* _Assignment_:
Print a faithful copy of the data below, word for word, with the pictures left out.

* _Collected material_:
____

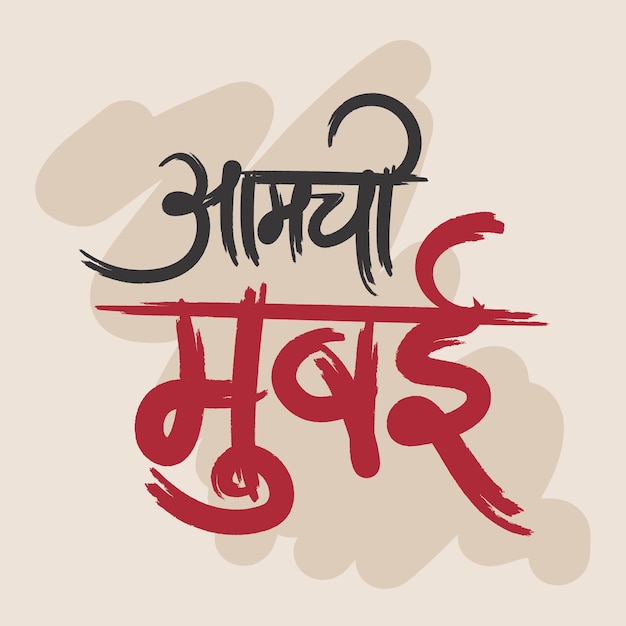 Aamchi mumbai word written in marathi calligraphy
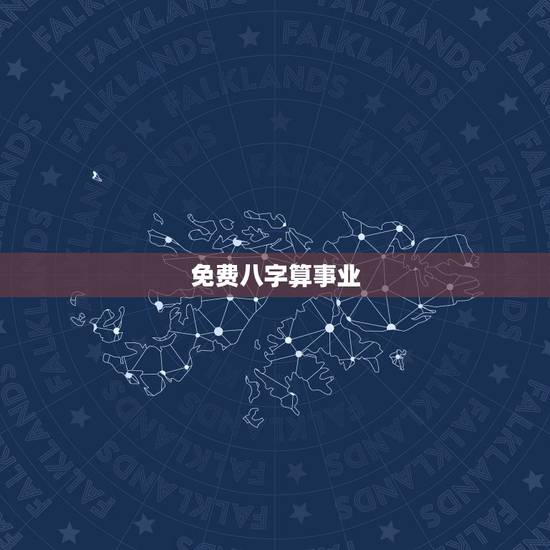 免费八字算事业,免费算命生辰八字测算,事业爱情什么时候有? 免费八字算事业,免费算命生辰八字测算,事业爱情什么时候有?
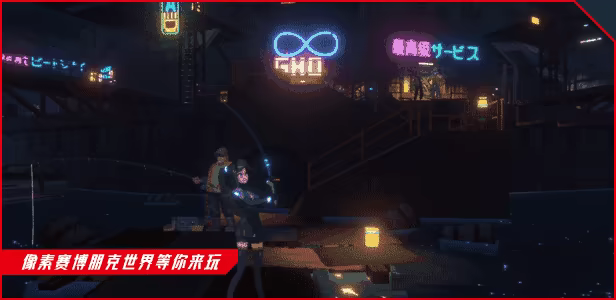游戏详情图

____

* _Answer to this exercise_:
 Aamchi mumbai word written in marathi calligraphy
 免费八字算事业,免费算命生辰八字测算,事业爱情什么时候有? 免费八字算事业,免费算命生辰八字测算,事业爱情什么时候有?
游戏详情图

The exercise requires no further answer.